Hurricane Michael is long gone, but the damage it inflicted remains – including the economic damage. WUWF’s Dave Dunwoody looks at an ongoing study by the Haas Business Center.
Michael made landfall near Mexico Beach on October 10 as a strong Category-4 storm, with 155 mph winds and gusts up to 175 mph. It’s likely to become the 12th weather disaster in the United States this year to run up a $1 billion tab according to The Weather Channel.
“For us, we have experience of course in this area knowing what damage could be wrought by a significant hurricane; we all remember Hurricane Ivan,” says Amy Newburn, Assistant Director at the Haas Center.
“As we were all watching our neighbors to the east get slammed by Michael, I think that we wanted to try to start putting a number on this damage,” said Newburn. “We thought we had a unique perspective and ability to be able to do that.”
Researchers at Haas have compiled a “dashboard” that will be updated continuously as new data comes in. It all hinges on the availability of the data and what it looks like. Newburn says the methodology currently includes storm surge losses in Bay and Gulf Counties, along with what happened to the 11-county area’s timber industry.
“This is going to continue to change as we see other insurance claims come through by county; as we start to see these communities rebuild we’ll be taking all that data in,” Newburn says. “But not all these things are updated in real time. That’s why our dashboard will evolve as those figures come in.”
Part of that methodology involves using the “REMI Model.” That’s the acronym for the firm Regional Economic Models, Incorporated. REMI takes the spending in a local economy and traces it through the entire supply chain.
“When I go out and spend a dollar, a part of that goes outside the community to where they have purchased the goods that stock the store,” says Newburn. “Part of that dollar goes to support the employees, and then they go and spend part of that out in the community as well.”
Beginning with Michael’s hardest-hit areas — Bay and Gulf Counties — the Haas study ran the figures through the REMI model and came up with an economic impact estimated at one and a half billion dollars. That includes a short-term loss of employment.
“What we can also expect is a spike in retail sales in their neighboring counties, because they don’t have as many options right now that still have open doors in their own communities,” Newburn says. “So, as they look to rebuild and have to buy supplies to do that, that’s what we expect to see.”
Part of the information in the study is from government sources, such as FEMA and the Florida Office of Insurance Regulation. Newburn says that helps them put all of their economic impact eggs into one basket.

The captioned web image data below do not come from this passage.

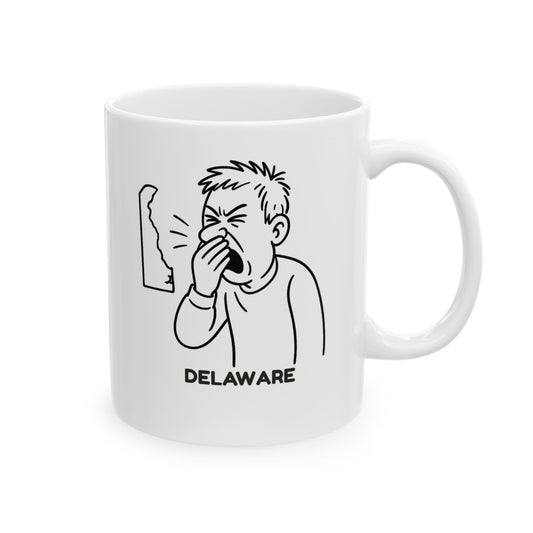 "Delaware: The state so small, you could miss it while sneezing." Ceramic Mug, 11/15oz - 14111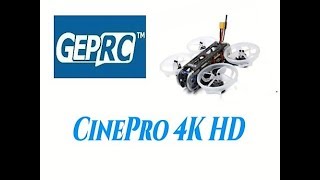 GEPRC CinePro 4K HD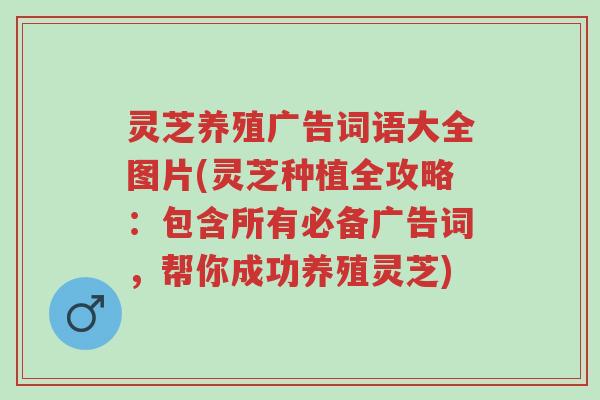 灵芝养殖广告词语大全图片(灵芝种植全攻略:包含所有必备广告词,帮你成功养殖灵芝)-第1张图片-超越 灵芝养殖广告词语大全图片(灵芝种植全攻略:包含所有必备广告词,帮你成功养殖灵芝)-第1张图片-超越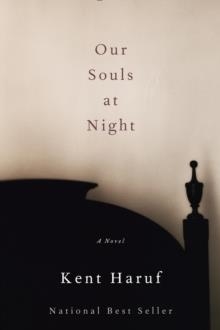 OUR SOULS AT NIGHT | 9781101875896 | KENT HARUF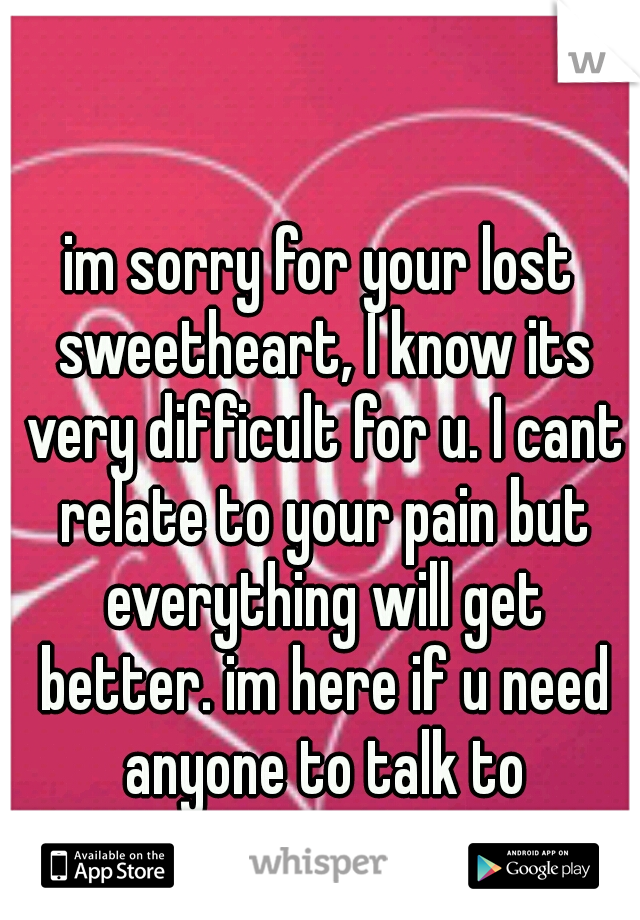 im sorry for your lost sweetheart, I know its very difficult for u. I cant relate to your pain but everything will get better. im here if u need anyone to talk to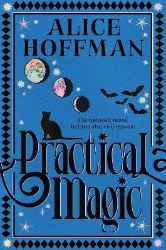 Practical Magic - Alice Hoffman - Anglická literatura Practical Magic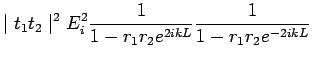 $\displaystyle \mid t_1t_2\mid^2E_i^2\frac{1}{1-r_1r_2e^{2ikL}} \frac{1}{1-r_1r_2e^{-2ikL}}$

“On our dashboard, we are keeping an updated count of how many insurance claims are going through, as well as how many FEMA assistance applications have been submitted,” said Newburn. “The goal of having our dashboard publicly available is so that local agencies, statewide agencies can all use that.”
However, an economic impact figure is not required for individuals applying to FEMA for help with residential damages.
“For businesses, for non-profits, as they look to apply for grants to get back on their feet, we’re hoping that an economic impact figure and analysis that’s out there and continuously updated would serve as a tool for them,” said Newburn.
Since cleanup and restoration from hurricanes can take months or even years, the Haas Center’s Amy Newburn says the study of Michael’s economic impact will remain – for the foreseeable future – open-ended.
“What happens to tourism and bed tax collections as the season picks up again next spring; even if the community is able to recover quickly, is there still a perception out there that they have been hit?” says Newburn. “Those are just things that we’ll have to monitor as they happen.”
Meanwhile, Hurricane Michael will cost Florida farmers an estimated $158 million because of damaged crops, according to a new study by the University of Florida. Those losses include cotton, nuts, and vegetables, along with beef, dairy and other animal products, across 25 counties.